[Dataset entries]
■ ■ ■ ■ ■ ■ ■
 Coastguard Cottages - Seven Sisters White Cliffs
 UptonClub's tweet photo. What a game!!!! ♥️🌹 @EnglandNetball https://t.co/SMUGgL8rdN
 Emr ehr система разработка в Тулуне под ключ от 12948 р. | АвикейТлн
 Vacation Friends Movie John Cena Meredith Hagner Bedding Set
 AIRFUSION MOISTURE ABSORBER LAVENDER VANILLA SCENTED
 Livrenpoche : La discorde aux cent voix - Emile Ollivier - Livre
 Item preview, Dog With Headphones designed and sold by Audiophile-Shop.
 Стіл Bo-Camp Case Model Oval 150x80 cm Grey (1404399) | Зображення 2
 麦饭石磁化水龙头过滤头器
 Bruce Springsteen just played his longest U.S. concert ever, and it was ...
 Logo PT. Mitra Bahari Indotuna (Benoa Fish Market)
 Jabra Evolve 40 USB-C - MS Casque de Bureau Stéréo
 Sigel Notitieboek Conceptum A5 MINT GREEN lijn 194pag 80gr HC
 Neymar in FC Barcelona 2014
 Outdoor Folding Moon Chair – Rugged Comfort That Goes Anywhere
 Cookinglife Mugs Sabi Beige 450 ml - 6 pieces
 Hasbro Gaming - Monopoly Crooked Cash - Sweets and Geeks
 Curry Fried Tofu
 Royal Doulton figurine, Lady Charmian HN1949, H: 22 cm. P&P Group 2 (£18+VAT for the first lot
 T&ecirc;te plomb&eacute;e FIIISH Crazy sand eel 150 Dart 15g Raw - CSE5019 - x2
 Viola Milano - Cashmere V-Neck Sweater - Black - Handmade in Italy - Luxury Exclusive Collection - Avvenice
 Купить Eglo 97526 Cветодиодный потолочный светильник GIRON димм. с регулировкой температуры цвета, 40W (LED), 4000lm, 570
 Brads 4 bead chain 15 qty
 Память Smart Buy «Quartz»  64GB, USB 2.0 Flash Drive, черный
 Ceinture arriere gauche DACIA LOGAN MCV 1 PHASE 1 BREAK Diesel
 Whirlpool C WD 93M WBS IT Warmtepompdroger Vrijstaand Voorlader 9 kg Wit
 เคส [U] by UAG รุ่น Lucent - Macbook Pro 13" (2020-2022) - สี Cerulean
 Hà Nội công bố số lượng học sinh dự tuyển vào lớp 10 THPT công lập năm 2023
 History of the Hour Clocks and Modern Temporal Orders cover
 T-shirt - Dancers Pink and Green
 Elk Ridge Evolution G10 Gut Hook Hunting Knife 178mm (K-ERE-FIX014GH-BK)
■ ■ ■ ■ ■ ■ ■
EXERCISE AIM: All of the entries should be written out again exactly.

ANSWER FOR THIS EXERCISE:
 Coastguard Cottages - Seven Sisters White Cliffs
 UptonClub's tweet photo. What a game!!!! ♥️🌹 @EnglandNetball https://t.co/SMUGgL8rdN
 Emr ehr система разработка в Тулуне под ключ от 12948 р. | АвикейТлн
 Vacation Friends Movie John Cena Meredith Hagner Bedding Set
 AIRFUSION MOISTURE ABSORBER LAVENDER VANILLA SCENTED
 Livrenpoche : La discorde aux cent voix - Emile Ollivier - Livre
 Item preview, Dog With Headphones designed and sold by Audiophile-Shop.
 Стіл Bo-Camp Case Model Oval 150x80 cm Grey (1404399) | Зображення 2
 麦饭石磁化水龙头过滤头器
 Bruce Springsteen just played his longest U.S. concert ever, and it was ...
 Logo PT. Mitra Bahari Indotuna (Benoa Fish Market)
 Jabra Evolve 40 USB-C - MS Casque de Bureau Stéréo
 Sigel Notitieboek Conceptum A5 MINT GREEN lijn 194pag 80gr HC
 Neymar in FC Barcelona 2014
 Outdoor Folding Moon Chair – Rugged Comfort That Goes Anywhere
 Cookinglife Mugs Sabi Beige 450 ml - 6 pieces
 Hasbro Gaming - Monopoly Crooked Cash - Sweets and Geeks
 Curry Fried Tofu
 Royal Doulton figurine, Lady Charmian HN1949, H: 22 cm. P&P Group 2 (£18+VAT for the first lot
 T&ecirc;te plomb&eacute;e FIIISH Crazy sand eel 150 Dart 15g Raw - CSE5019 - x2
 Viola Milano - Cashmere V-Neck Sweater - Black - Handmade in Italy - Luxury Exclusive Collection - Avvenice
 Купить Eglo 97526 Cветодиодный потолочный светильник GIRON димм. с регулировкой температуры цвета, 40W (LED), 4000lm, 570
 Brads 4 bead chain 15 qty
 Память Smart Buy «Quartz»  64GB, USB 2.0 Flash Drive, черный
 Ceinture arriere gauche DACIA LOGAN MCV 1 PHASE 1 BREAK Diesel
 Whirlpool C WD 93M WBS IT Warmtepompdroger Vrijstaand Voorlader 9 kg Wit
 เคส [U] by UAG รุ่น Lucent - Macbook Pro 13" (2020-2022) - สี Cerulean
 Hà Nội công bố số lượng học sinh dự tuyển vào lớp 10 THPT công lập năm 2023
 History of the Hour Clocks and Modern Temporal Orders cover
 T-shirt - Dancers Pink and Green
 Elk Ridge Evolution G10 Gut Hook Hunting Knife 178mm (K-ERE-FIX014GH-BK)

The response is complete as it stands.